Magdalena sacudió la cabeza de un lado a otro.
—No, pero yo suponía que sus padres eran muy duros con él. Ya sabes, entonces las cosas no eran como ahora, que todo el mundo sale disparado hacia asuntos sociales en cuanto agarras a un niño con un poco de firmeza. La gente se ocupaba de sus asuntos. Además, el chico parecía muy tímido, como si se avergonzara. Yo, de todas formas, se lo comenté a su maestro un día que me lo encontré haciendo la compra, pero él le restó importancia y dijo que era un chiquillo «de naturaleza débil». A lo mejor sólo estaba protegiendo a un compañero, al fin y al cabo el padre del niño también trabajaba en el colegio.

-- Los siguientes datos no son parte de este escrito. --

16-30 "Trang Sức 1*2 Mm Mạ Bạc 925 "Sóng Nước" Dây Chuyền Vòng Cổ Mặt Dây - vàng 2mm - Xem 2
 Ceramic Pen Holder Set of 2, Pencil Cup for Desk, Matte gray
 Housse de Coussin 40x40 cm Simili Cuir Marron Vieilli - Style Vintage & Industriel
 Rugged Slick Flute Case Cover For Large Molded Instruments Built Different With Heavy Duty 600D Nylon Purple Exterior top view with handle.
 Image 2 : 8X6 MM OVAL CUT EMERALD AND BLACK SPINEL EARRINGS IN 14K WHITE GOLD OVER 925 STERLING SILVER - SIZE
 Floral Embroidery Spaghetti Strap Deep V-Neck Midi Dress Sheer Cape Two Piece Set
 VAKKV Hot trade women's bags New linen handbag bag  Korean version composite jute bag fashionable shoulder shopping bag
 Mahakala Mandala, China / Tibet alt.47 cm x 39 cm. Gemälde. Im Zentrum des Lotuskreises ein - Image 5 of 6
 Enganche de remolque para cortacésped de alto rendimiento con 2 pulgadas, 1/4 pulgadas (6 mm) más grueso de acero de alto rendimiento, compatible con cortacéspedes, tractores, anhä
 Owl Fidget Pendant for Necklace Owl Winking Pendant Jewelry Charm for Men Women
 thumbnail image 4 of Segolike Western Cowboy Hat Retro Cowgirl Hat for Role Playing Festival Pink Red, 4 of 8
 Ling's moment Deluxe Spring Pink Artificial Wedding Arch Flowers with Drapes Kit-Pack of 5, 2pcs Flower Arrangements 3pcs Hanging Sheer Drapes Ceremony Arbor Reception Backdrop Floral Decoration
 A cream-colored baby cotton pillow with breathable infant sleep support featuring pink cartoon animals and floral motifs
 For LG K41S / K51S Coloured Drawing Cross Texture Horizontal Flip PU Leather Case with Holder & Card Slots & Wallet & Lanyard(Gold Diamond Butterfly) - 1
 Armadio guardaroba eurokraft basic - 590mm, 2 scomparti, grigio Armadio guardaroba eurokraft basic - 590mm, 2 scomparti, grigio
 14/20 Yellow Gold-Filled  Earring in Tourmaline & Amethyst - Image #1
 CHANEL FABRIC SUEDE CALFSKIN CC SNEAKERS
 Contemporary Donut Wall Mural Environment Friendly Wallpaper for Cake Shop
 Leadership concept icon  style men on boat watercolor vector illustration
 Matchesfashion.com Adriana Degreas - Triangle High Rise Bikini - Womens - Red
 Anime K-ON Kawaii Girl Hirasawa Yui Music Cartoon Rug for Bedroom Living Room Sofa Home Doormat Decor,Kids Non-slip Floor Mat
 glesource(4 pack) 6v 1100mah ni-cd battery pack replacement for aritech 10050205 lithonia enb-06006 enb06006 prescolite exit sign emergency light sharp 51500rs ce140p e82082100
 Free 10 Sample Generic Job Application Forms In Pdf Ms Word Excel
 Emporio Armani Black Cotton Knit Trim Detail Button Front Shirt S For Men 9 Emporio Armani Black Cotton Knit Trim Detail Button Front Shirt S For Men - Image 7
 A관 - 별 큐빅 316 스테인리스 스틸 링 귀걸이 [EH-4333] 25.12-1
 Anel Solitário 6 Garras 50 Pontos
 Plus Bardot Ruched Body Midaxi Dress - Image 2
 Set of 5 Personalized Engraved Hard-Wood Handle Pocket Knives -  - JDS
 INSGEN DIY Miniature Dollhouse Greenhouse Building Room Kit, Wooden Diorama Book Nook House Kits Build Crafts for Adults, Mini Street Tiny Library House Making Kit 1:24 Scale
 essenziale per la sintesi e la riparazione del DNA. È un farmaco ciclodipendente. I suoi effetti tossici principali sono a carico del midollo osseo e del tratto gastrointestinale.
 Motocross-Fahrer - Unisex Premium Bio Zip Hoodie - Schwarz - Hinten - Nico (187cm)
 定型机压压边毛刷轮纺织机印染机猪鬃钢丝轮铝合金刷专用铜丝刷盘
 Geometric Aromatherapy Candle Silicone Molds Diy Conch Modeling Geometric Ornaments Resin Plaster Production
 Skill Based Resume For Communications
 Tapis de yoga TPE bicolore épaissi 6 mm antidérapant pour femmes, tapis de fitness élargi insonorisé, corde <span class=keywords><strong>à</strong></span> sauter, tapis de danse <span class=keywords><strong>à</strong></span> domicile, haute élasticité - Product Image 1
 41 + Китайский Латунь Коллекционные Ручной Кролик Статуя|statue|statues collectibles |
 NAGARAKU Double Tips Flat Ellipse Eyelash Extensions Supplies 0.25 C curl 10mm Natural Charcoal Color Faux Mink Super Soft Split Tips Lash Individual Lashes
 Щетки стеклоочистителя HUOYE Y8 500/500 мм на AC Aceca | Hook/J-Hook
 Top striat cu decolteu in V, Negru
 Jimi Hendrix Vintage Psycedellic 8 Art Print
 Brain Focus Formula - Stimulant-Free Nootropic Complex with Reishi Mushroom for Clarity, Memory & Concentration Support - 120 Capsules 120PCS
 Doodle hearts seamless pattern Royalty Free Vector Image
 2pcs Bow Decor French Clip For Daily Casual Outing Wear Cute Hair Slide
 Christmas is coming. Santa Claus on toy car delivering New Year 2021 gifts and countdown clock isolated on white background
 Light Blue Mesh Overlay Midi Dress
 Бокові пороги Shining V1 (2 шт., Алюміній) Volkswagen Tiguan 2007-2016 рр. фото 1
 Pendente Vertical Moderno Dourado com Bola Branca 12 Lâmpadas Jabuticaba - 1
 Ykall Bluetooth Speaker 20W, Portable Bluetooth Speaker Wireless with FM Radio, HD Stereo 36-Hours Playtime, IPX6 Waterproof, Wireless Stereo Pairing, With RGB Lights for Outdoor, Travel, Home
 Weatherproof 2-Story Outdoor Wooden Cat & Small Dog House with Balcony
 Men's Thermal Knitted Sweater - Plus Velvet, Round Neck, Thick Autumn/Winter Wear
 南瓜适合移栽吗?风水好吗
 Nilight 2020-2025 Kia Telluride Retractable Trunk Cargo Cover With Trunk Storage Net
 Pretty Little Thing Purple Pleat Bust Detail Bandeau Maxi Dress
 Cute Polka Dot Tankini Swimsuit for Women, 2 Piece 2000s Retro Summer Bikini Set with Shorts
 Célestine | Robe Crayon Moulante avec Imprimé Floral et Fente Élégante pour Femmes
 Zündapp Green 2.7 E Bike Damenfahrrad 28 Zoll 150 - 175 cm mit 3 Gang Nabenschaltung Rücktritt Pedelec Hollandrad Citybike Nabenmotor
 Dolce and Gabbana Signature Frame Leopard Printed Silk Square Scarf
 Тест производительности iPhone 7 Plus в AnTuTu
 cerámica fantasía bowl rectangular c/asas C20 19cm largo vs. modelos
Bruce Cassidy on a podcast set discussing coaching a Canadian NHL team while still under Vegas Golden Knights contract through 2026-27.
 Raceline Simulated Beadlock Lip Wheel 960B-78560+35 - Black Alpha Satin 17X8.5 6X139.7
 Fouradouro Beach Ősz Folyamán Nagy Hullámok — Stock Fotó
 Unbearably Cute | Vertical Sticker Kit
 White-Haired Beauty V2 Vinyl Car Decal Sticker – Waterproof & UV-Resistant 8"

—¿Conocía usted a sus padres?
—No, no se relacionaban mucho con la gente. Vivían en una casita a las afueras del pueblo y muy de cuando en cuando se veía a la madre cuando bajaba al pueblo a comprar algo. El padre jamás hacía vida social. No sé si sabe que aquí el trato es toda una tradición y tenemos un montón de asociaciones de vecinos. Por aquel entonces pasaba lo mismo. Nos manteníamos unidos. Por eso se les tenía por un matrimonio algo raro, aunque en realidad nadie sabía nada concreto de ellos.
—¿Y la hija? La hermana pequeña de Eigil, Jonna. ¿La conocía?
Su anfitriona volvió a hacer un gesto negativo.
—No. Aún no había empezado a ir al colegio en aquel momento y se pasaba el día en casa, con su madre. Pero ahora sí sé quién es, vivimos en un pueblo muy pequeño.
Trokic se tragó la decepción. Esperaba haber encontrado una explicación, haber averiguado qué había impulsado a un niño de once años a ver la muerte como su última salida. Pero claro, en ese caso también lo habrían sabido entonces. De todos modos, sentía que ahora conocía un poco mejor a Eigil. La cuestión era si su huida de la vida tenía alguna relación con el caso que le ocupaba.
—Sabemos por el policía que llevó la investigación que un hombre llamado Gabriel Jensen puso una denuncia contra los padres. ¿Le conoce?
—Yo no, pero Eigil sí. Una vez me contó que había estado en su casa. Vivía algo aislado y Eigil le tenía un poquito de miedo. Decía que hablaba feo. Y que tenía una colección de insectos. Eso no le gustaba.
—¿Una colección de insectos, dice?
Trokic se encontró de pronto de vuelta en Skellegården, en el cuarto de Lukas, y sintió un escalofrío, como si las ventanitas ya no fueran capaces de seguir manteniendo a raya el frío.
—¿No sabrá usted qué había en esa colección? —preguntó.
—Sí, Eigil me lo contó. Coleccionaba escarabajos. Muchísimos escarabajos.